Continuing from the previous post, let’s get started with Microsoft OS/2 1.1
I added a 500MB hard disk to VirtualBOX, booted up an OS/2 1.1 boot diskette I had created that allows me to fdisk/format and do basic backup/restores, esp since OS/2 1.0 cannot install on a large (lol) 500MB disk.
So with the restore done, I’m booting up the Microsoft OS/2 1.1c Nokia OEM release.
The dates for this release is 2/20/1989. I would have imagined that the original version of OS/2 1.1 shipped in 1988, as mentioned by the copyright. Apparently the Microsoft versions of OS/2 1.0 & 1.1 included support for the 386 method of switching from protected mode to real mode, while the IBM versions only included the 286 triple fault method. I’d imagine the Microsoft ones would include both, but the only way to verify is to install on a 286. Something that I simply do not have.
This style of the OS/2 installer will be with us for quite some time. it’s not until Warp did the look and feel start to change.
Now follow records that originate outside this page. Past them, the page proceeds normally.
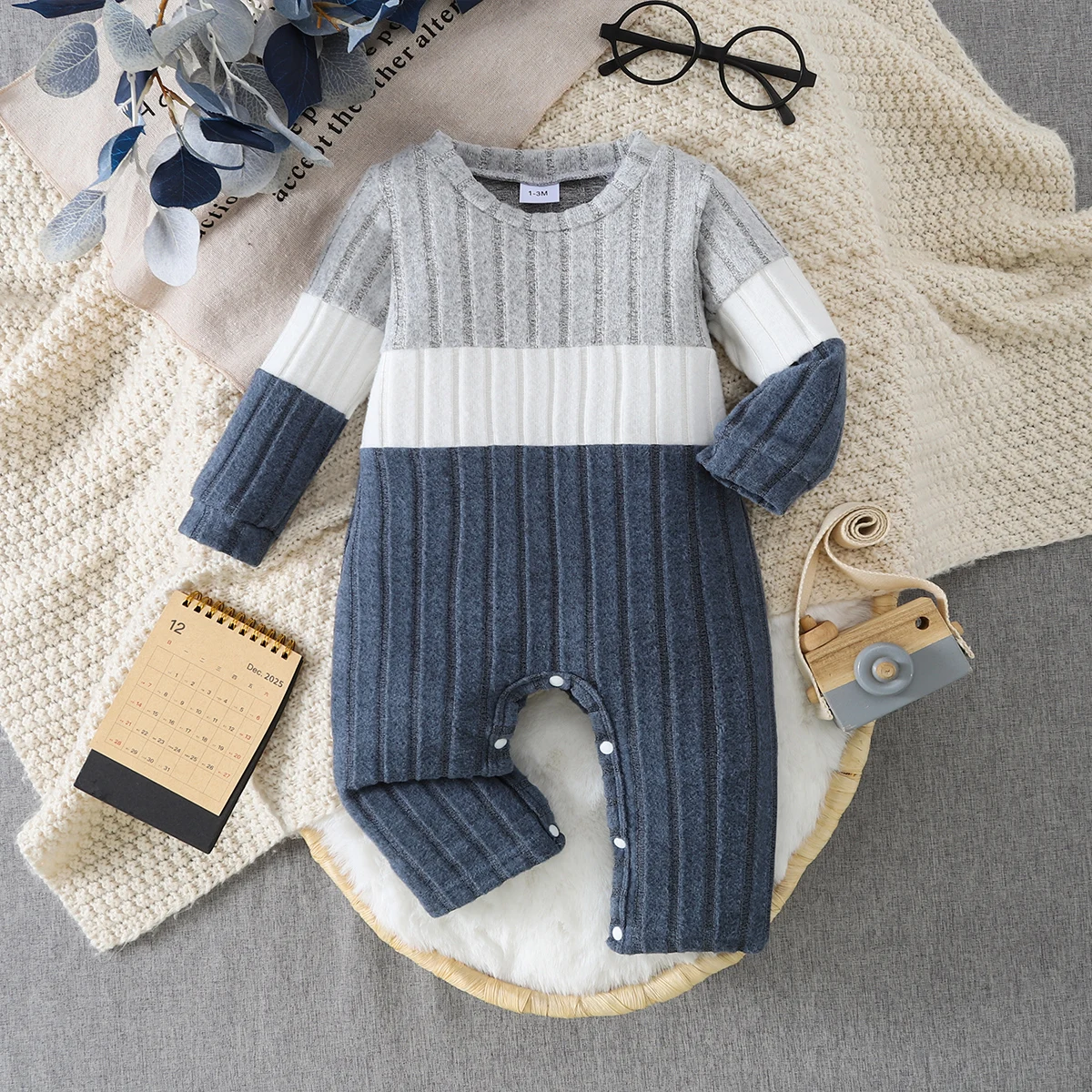 1Pc Baby Color Block Ribbed Long Sleeve Romper, Crotch Snap Jumpsuit for 0-12 Months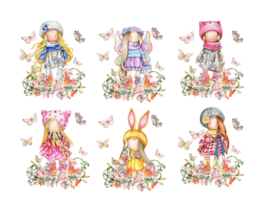 Composition of doll Tilda in dress and freesia flowers. png
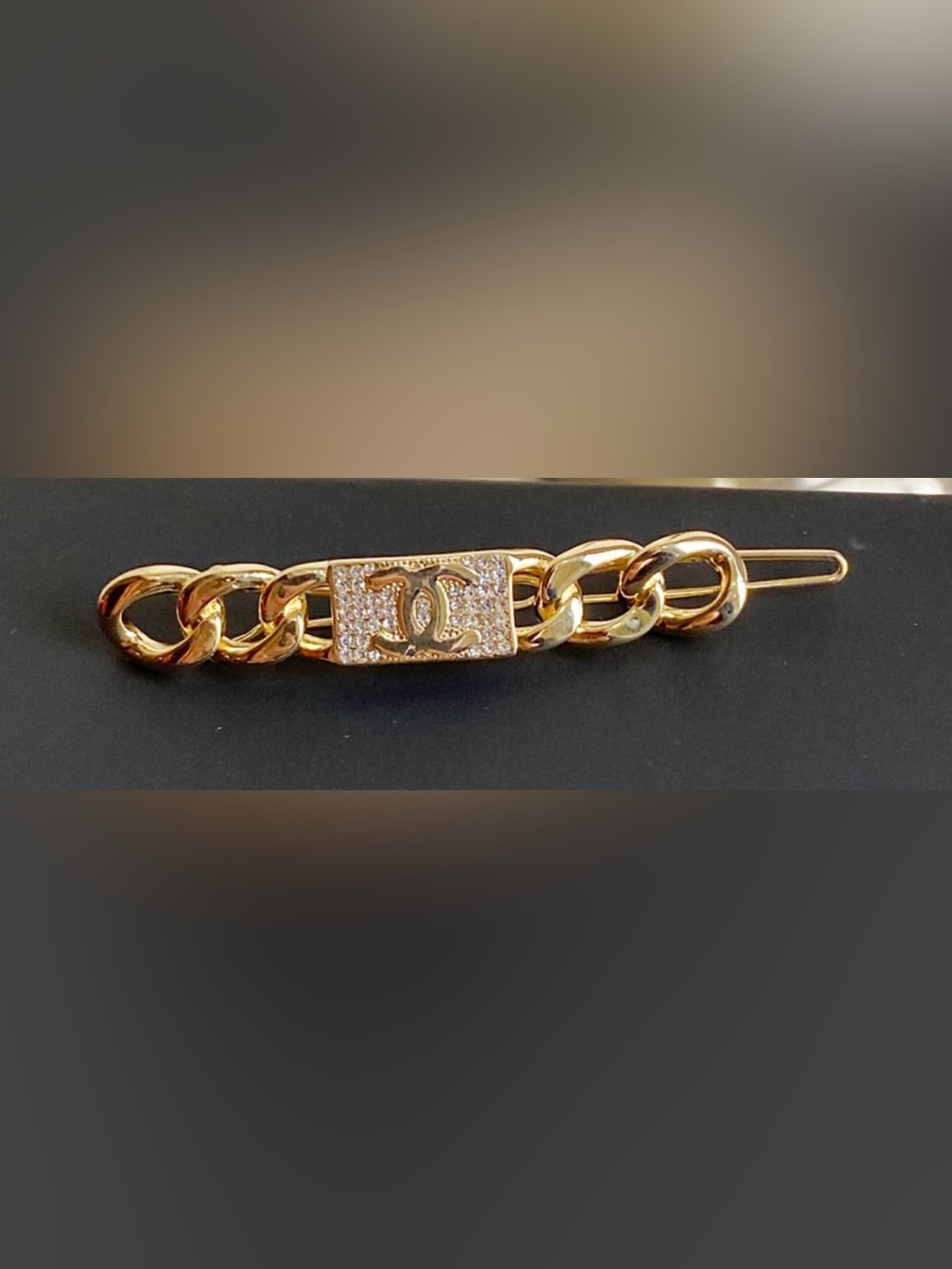 Double C Valletta Gold - Tone Metal Rhinestone Hair Barrette Clip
The setup program renames my config.sys , autoexec.bat and startup.cmd files. Obviously things are now different from OS/2 1.0
For some reason things like serial ports are optional, so after letting it load the serial driver, we are all set to go!
Now to see OS/2 1.1 in action…
So again you are limited to 12 sessions in OS/2, along with the single DOS Box. However notice that the windowed icons (the black ones) and the full screen are independent. This was also another annoyance in OS/2, that you cannot switch an application from full to windowed at will, and some text mode stuff is compiled as full screen so launching it from a window will jump you fullscreen. OS/2 also finally included a game, a breakout clone, with various neat pictures. I like the Seattle one myself.
And a text editor! A nice one too. Also I don’t know if it’s VirtualBOX but the UI is VERY sluggish, the worst thing you can do is open a command window and have it scroll.
But all in all, OS/2 1.1 was certainly a step in the right direction, and really what people would start to expect in an OS. The GUI really is needed to get a feel for multitasking. It’s a shame that ‘paging’ the real mode box out to disk and going between multiple sessions could have been done…. But I imagine they tried it, and it failed badly. Or the paging got out of hand.. Hard to say.
As a slight detour I’ve also setup IBM OS/2 1.1 Extended Edition, which you can see my quick review here.
And for the few people who care, here is what 1.1 in Mono EGA mode looked like:
The other things that Microsoft OS/2 is really lacking is online documentation, and a way to shut down the OS from the desktop. It’s still control-alt-delete.